■ **INFORMATION SHOWN**
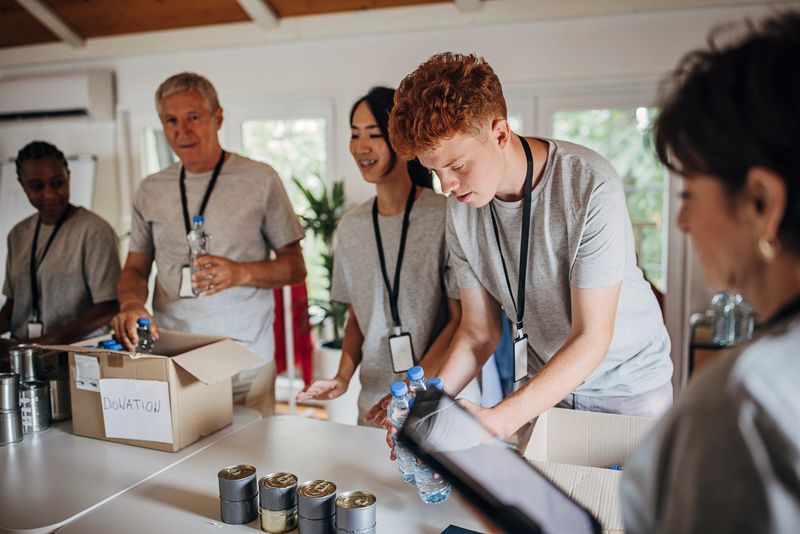 Diverse group of male and female volunteers sorting donated canned food and water bottles into cardboard boxes in charity center.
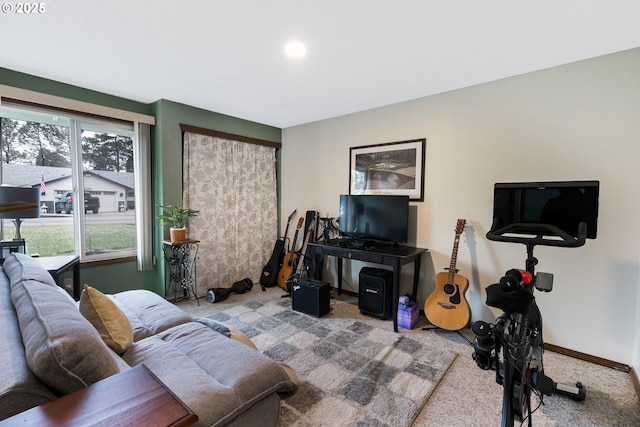 living room featuring carpet flooring and baseboards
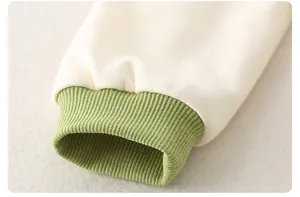 Close-up of baby romper cream fabric with soft green ribbed cuffs and knitting detail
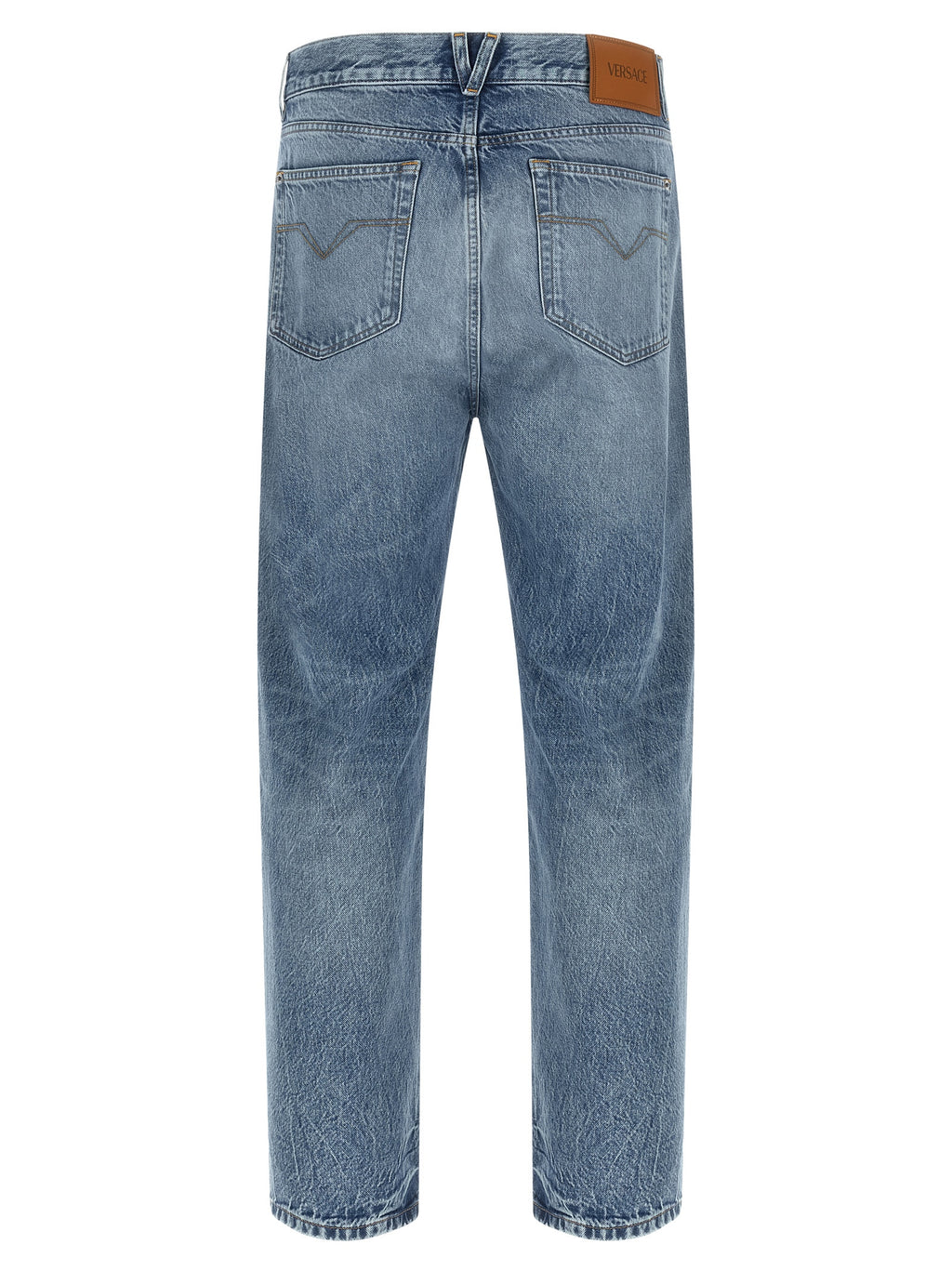 Jeans droits en coton bleu de la marque Versace, visible avec détails de coupe et couture.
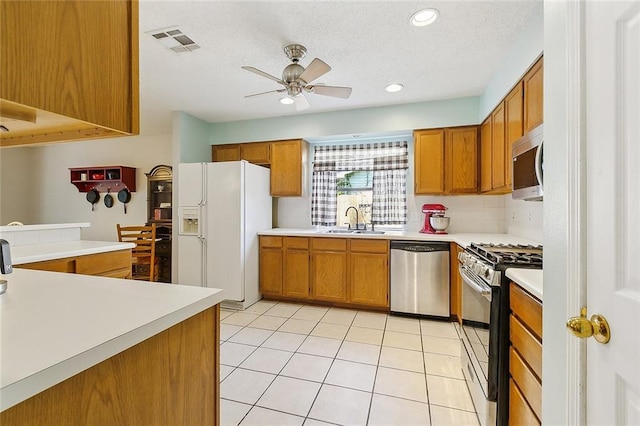 kitchen with visible vents, brown cabinets, stainless steel appliances, light countertops, and a sink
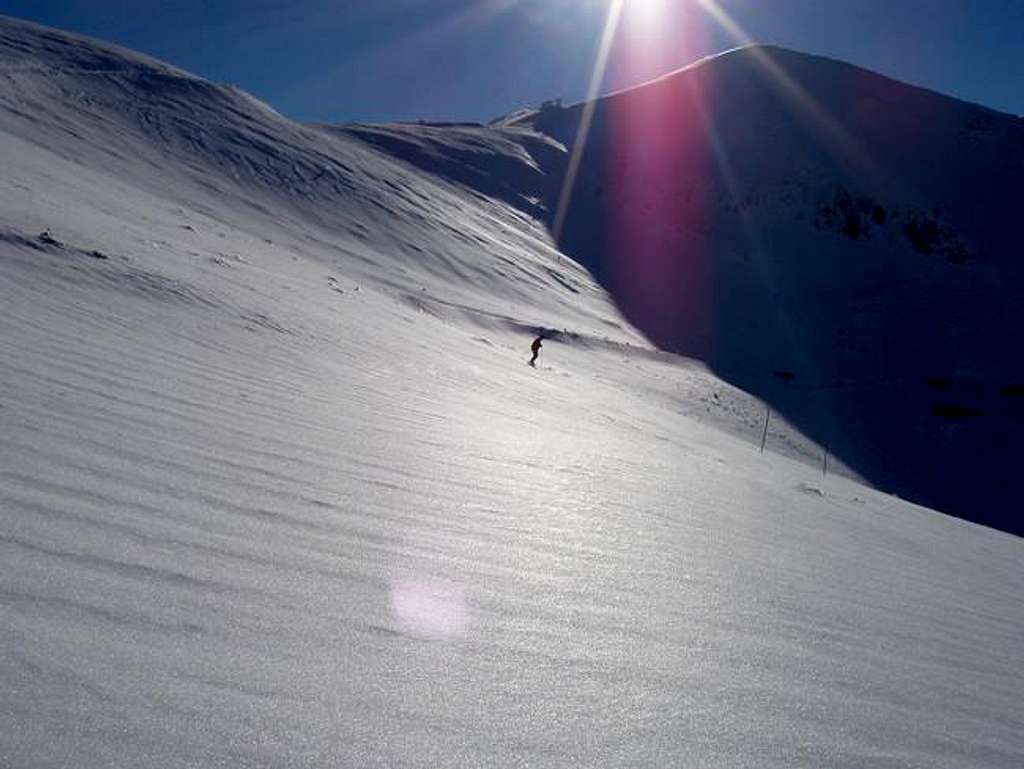 A skier on the slopes below...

■ **TASK DIRECTIONS**
The entries need to be restated exactly, and their pictures left out.

■ **ANSWER TO THE PROBLEM**
 Diverse group of male and female volunteers sorting donated canned food and water bottles into cardboard boxes in charity center.
 living room featuring carpet flooring and baseboards
 Close-up of baby romper cream fabric with soft green ribbed cuffs and knitting detail
 Jeans droits en coton bleu de la marque Versace, visible avec détails de coupe et couture.
 kitchen with visible vents, brown cabinets, stainless steel appliances, light countertops, and a sink
 A skier on the slopes below...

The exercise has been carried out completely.